Unlike the Notification Outbox, the Site Call Audit is **not a dispatcher** — cached calls are delivered by each site's Store-and-Forward Engine, and the `SiteCalls` table is an eventually-consistent central mirror of site-owned status.

## Audit Log KPIs

The Audit Log spans both sites (hot-path append + telemetry forward) and central (direct-write + ingest + redaction). Its operational health surfaces as three new dashboard tiles grouped under **Audit**:

- **Audit volume** — rate of audit rows landing in the central `AuditLog` table over the last interval, sourced from the Audit Log component on the active central node.
- **Audit error rate** — combined view of `CentralAuditWriteFailures` and `AuditRedactionFailure` over the last interval; non-zero values warrant a check of the Audit Log component's own logs.
- **Audit backlog** — global aggregate of `SiteAuditBacklog` across reporting sites (count of `Pending` site-local audit rows, oldest pending age, on-disk bytes).

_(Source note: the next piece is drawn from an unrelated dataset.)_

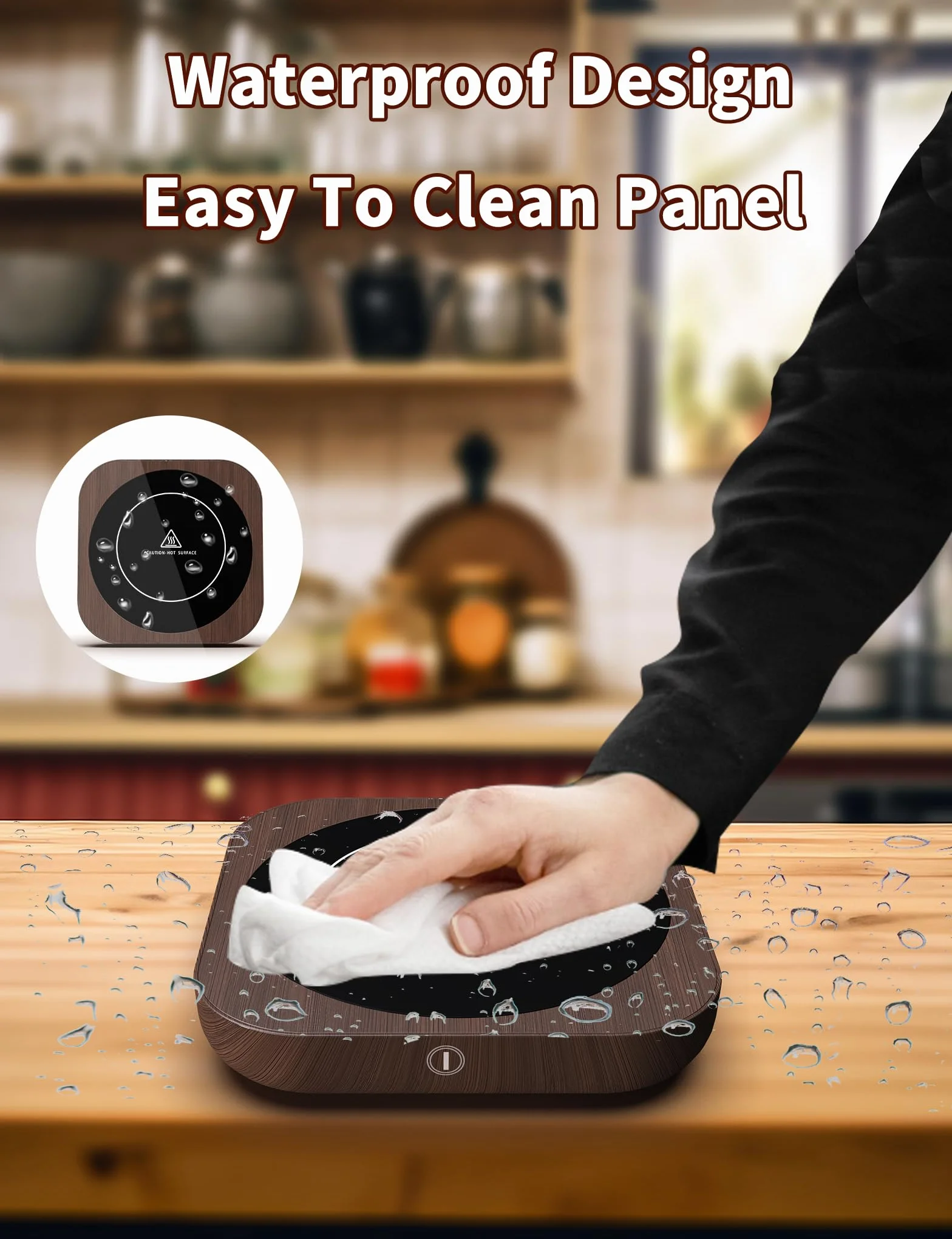 MQFORU Scaldatazze da Caffè Scaldabevande Elettrico con Tecnologia Touch a3 Temperature Regolabili (fino a 180 ℉/80 ℃), 4H Spegnimento Automatico Scaldatazze Scalda tè Regalo di Natale, DS1289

The per-site tile also surfaces a warning badge when its `SiteAuditBacklog` crosses the configurable threshold or when `SiteAuditTelemetryStalled` is set.

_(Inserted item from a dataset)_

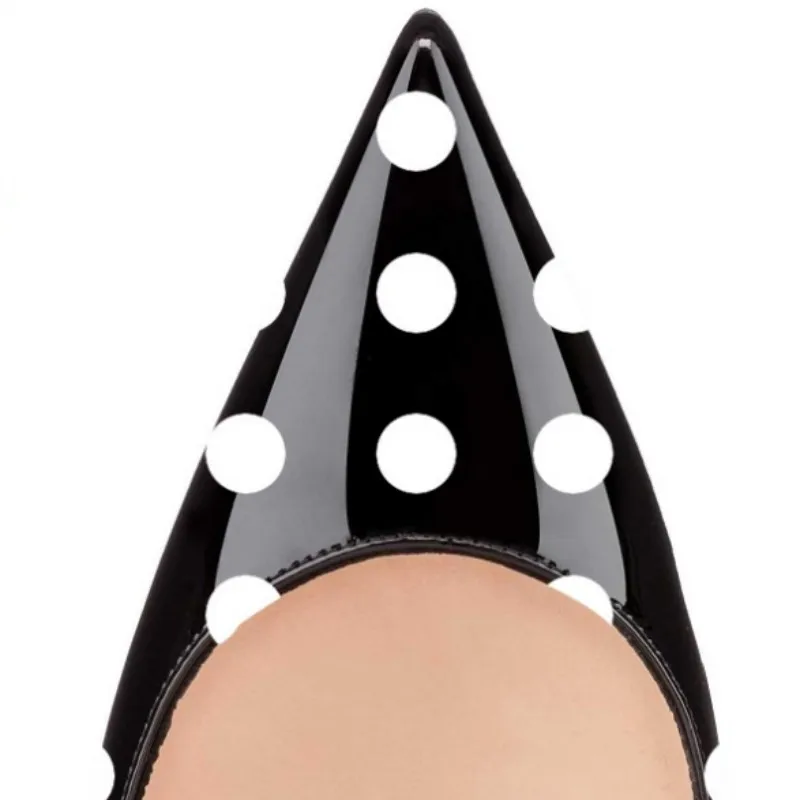 

Обувь DIZHUANG Модные женские туфли на высоком каблуке. Белые туфли в горошек на черной подошве. Высота каблука около 12 см. Туфли-лодочки с острым носком.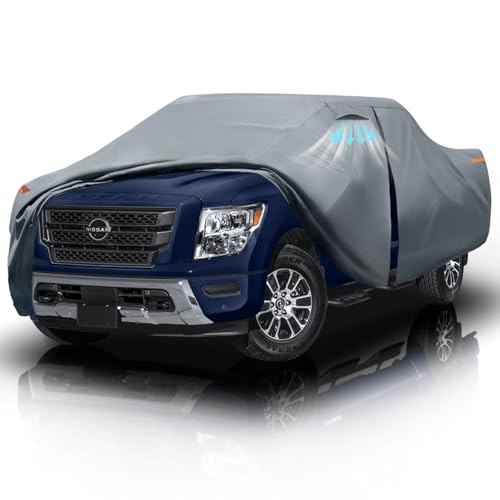 Nissan Titan XD Truck Cover Custom Fit 2016-2026 Crew Cab Short Bed(6.6') with Door Zipper, 10 Layers Outdoor Heavy Pickup Truck Cover Waterproof All Weather, Wind Dust Sun Protector. - size: Custom fit Nissan Titan XD Crew Cab SB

These tiles are **point-in-time** like the Notification Outbox and Site Call Audit KPI tiles — no time-series store; consistent with Health Monitoring's "current status only" philosophy. The site-scoped `SiteAuditBacklog` / `SiteAuditWriteFailures` / `SiteAuditTelemetryStalled` metrics arrive in the existing site health report; the central-scoped `CentralAuditWriteFailures` / `AuditRedactionFailure` metrics are central-computed alongside the existing central KPIs.

## Central Storage

- Health metrics are held **in memory** at the central cluster for display in the UI.
- No historical health data is persisted — the dashboard shows current/latest status only.
- Notification Outbox and Site Call Audit KPIs are not stored by Health Monitoring; they are computed point-in-time from the central `Notifications` and `SiteCalls` tables respectively each time the dashboard refreshes — consistent with the current-status-only philosophy.
- Site connectivity history (online/offline transitions) may optionally be logged via the Audit Log or a separate mechanism if needed in the future.

## No Alerting

- Health monitoring is **display-only** for now — no automated notifications or alerts are triggered by health status changes.
- This can be extended in the future.

## Dependencies

- **Communication Layer**: Transports health reports from sites to central.
- **Data Connection Layer (site)**: Provides connection health metrics.
- **Site Runtime (site)**: Provides script error rate and alarm evaluation error rate metrics.
- **Store-and-Forward Engine (site)**: Provides buffer depth metrics, including the notification backlog awaiting forward to central.
- **Cluster Infrastructure (site)**: Provides node role status.
- **Notification Outbox (central)**: Provides central-computed outbox KPIs — queue depth, stuck count, parked count — for the headline dashboard tiles.
- **Site Call Audit (central)**: Provides central-computed cached-call KPIs — buffered count, parked count, failed/delivered (last interval), oldest pending age, stuck count — for the headline dashboard tiles.
- **Audit Log (#23)**: Provides the site-reported `SiteAuditBacklog` / `SiteAuditWriteFailures` / `SiteAuditTelemetryStalled` metrics (via the site health report) and the central-computed `CentralAuditWriteFailures` / `AuditRedactionFailure` metrics, plus the central audit-row rate feeding the **Audit** dashboard tile group (Audit volume, Audit error rate, Audit backlog).

## Interactions

- **Central UI**: Health Monitoring Dashboard displays aggregated metrics.
- **Communication Layer**: Health reports flow as periodic messages.